Our off site backup is sitting beside my bed…

We are currently doing 30 day retention of backups at 2 physical ‘hot’ locations and ‘forever’ retention at a third cold storage physical location.

I would eventually like to keep 3 copies of data at 3 physical locations with a ‘forever’ retention, but this can be excessively costly :slight_smile:

Currently we do daily incremental and weekly masters.

I consider DR as protecting and restoring service in a timely manner, dictated by business RTO.

Backups as protecting and restoring data, dictated by business RPO.

We are more concerned with data loss than service loss :slight_smile:

As a few have mentioned. Think of this from a recovery stand point. What is your organizations tolerance for loss?. If your server crashes, how long before it can be restored and how much potential data has been lost? You may not have the same answer for all sites, servers, or files.

We gave up on Backup exec, robocopy, etc. and have moved to a Barracuda Backup appliance with cloud storage. The initial backups took multiple days but now take minutes to run.e have incremented our backups to run multiple times a day to reduce the exposure of loss from days to hours for most instances.

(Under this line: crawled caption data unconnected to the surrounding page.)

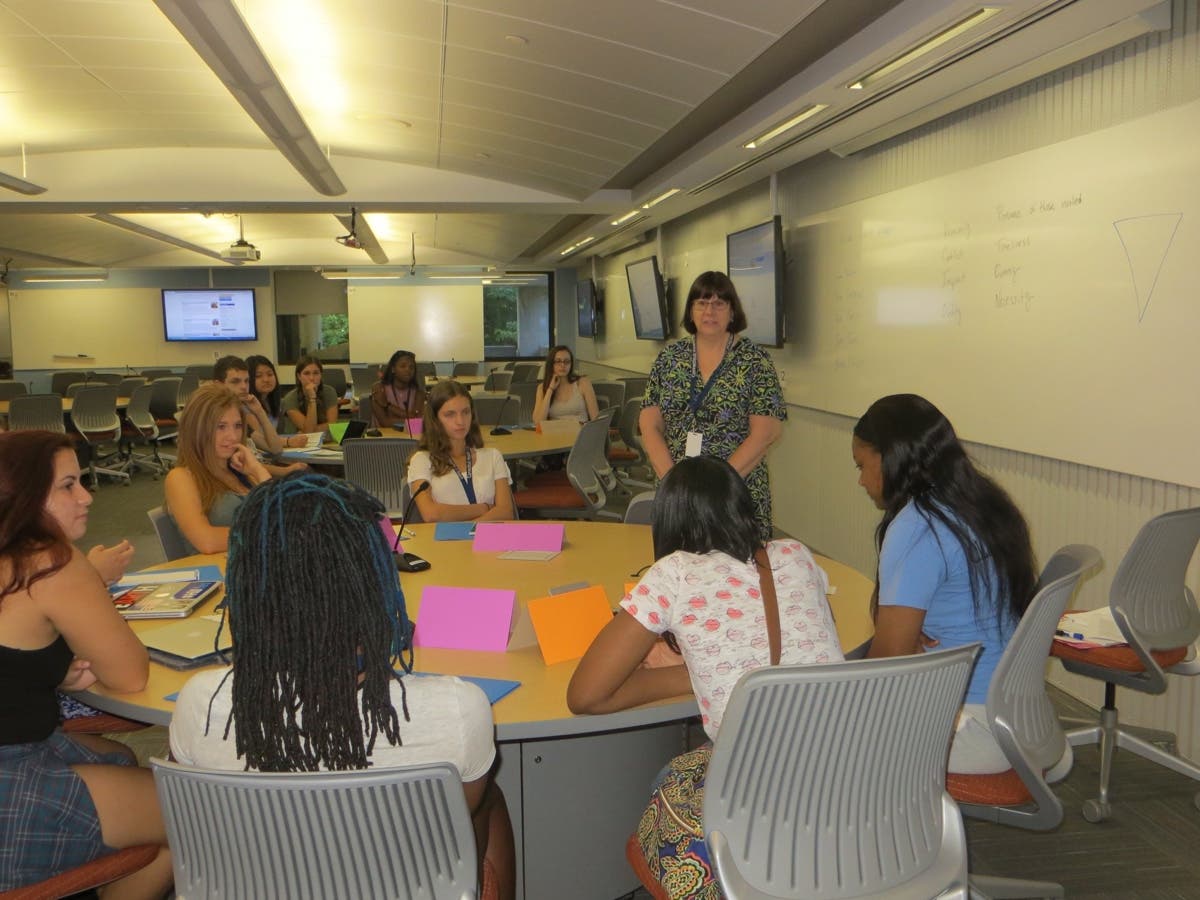 Instructor Kate Farrish teaches journalism at a previous workshop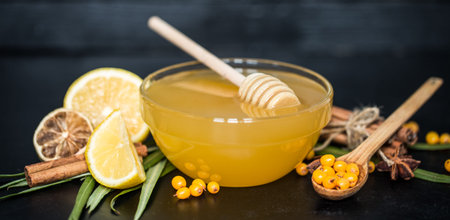 the composition of transparent plate with honey and lemon on a black background ,the concept of organic food and healthの写真素材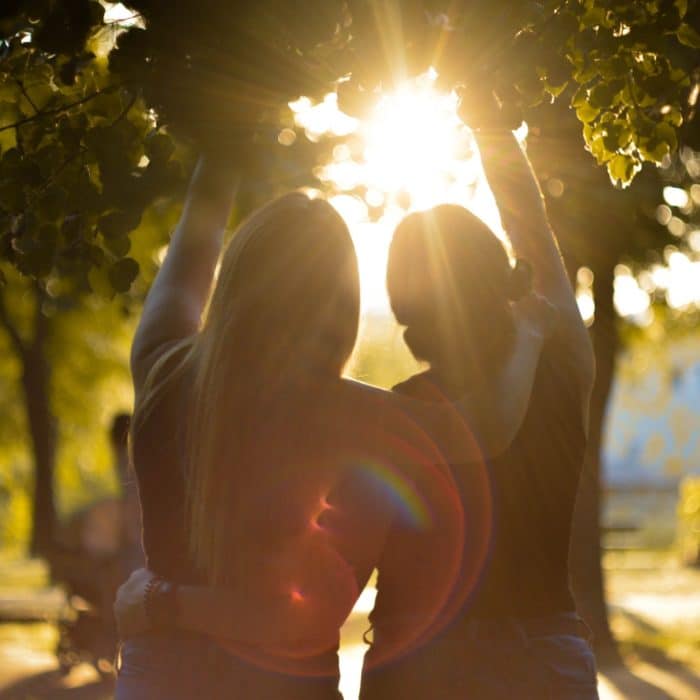 two women hugging with sun beam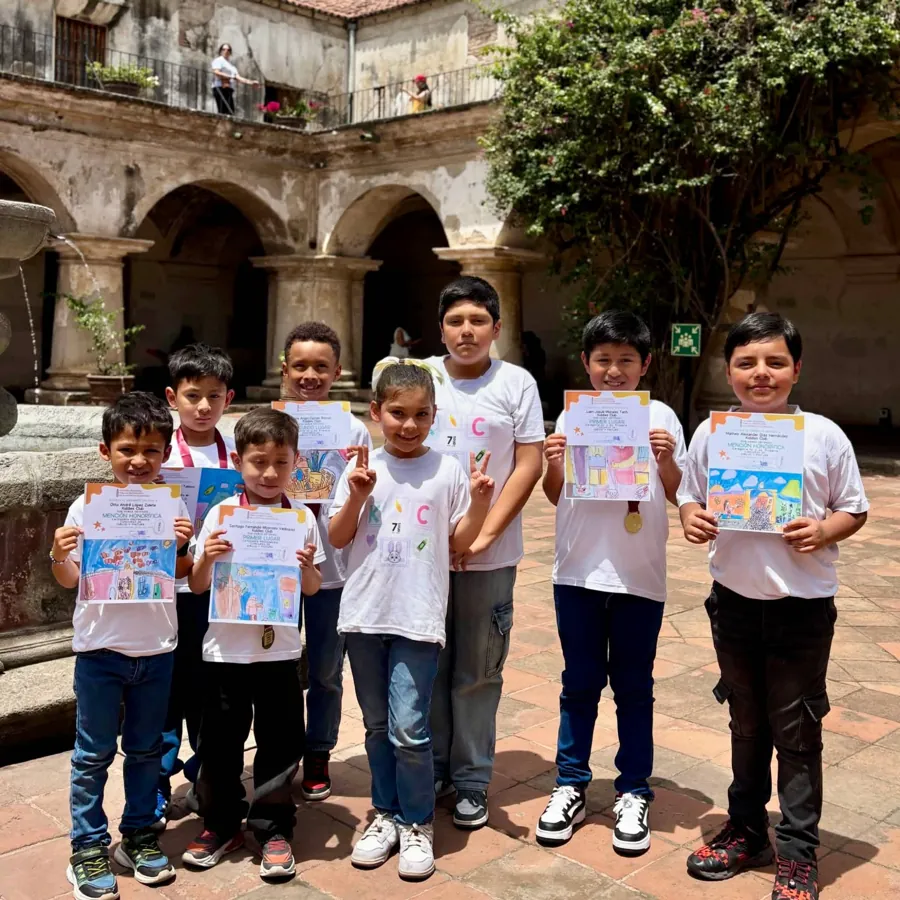 Alumnos de Kiddies Club mostrando sus diplomas y dibujos premiados en un concurso de dibujo y pintura, en un patio colonial de La Antigua Guatemala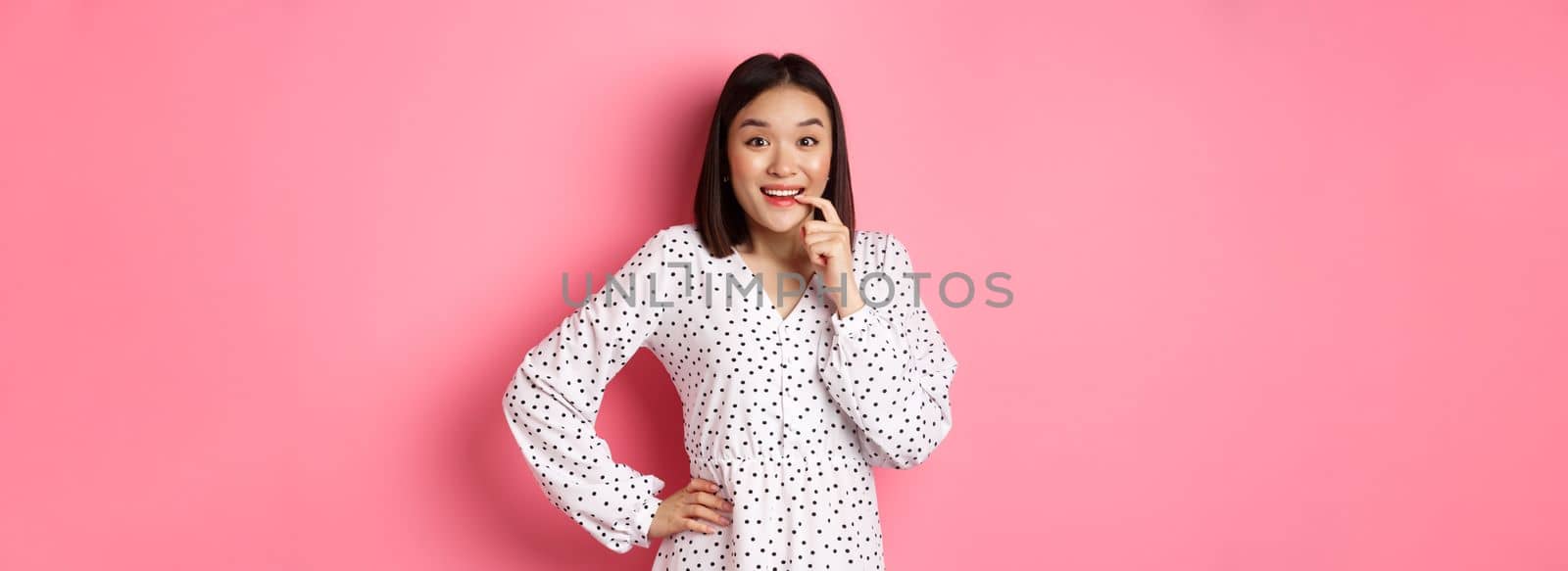 Image of beautiful young lady in dress, biting finger and smiling, staring with temptation and amazement, want buy something, standing over pink background by Benzoix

The system continues to need to be monitored and quickly resolved when errors occur. There is not a solution that can be installed and only reviewed once a week unless you can tolerate large loss of data.

I think hutchungsp nailed it.

But I would advise against a “recovery only” focus. If you don’t get high quality consistent backups then you are not going to have a solid recovery. Backup and Recovery must go together. If you are looking for a good place to start developing a plan, I might suggest this article I wrote a little while ago: " Backup Basics: What do SLO, RPO, RTO, VRO and GRO Mean? ".
Lastly to answer the original question… Yes you can have too many backups. I can relay several horror stories about the wrong backup data set being used for recovery at the wrong time which lead to extra long RPOs (see above). You need multiple copies but not infinite copies.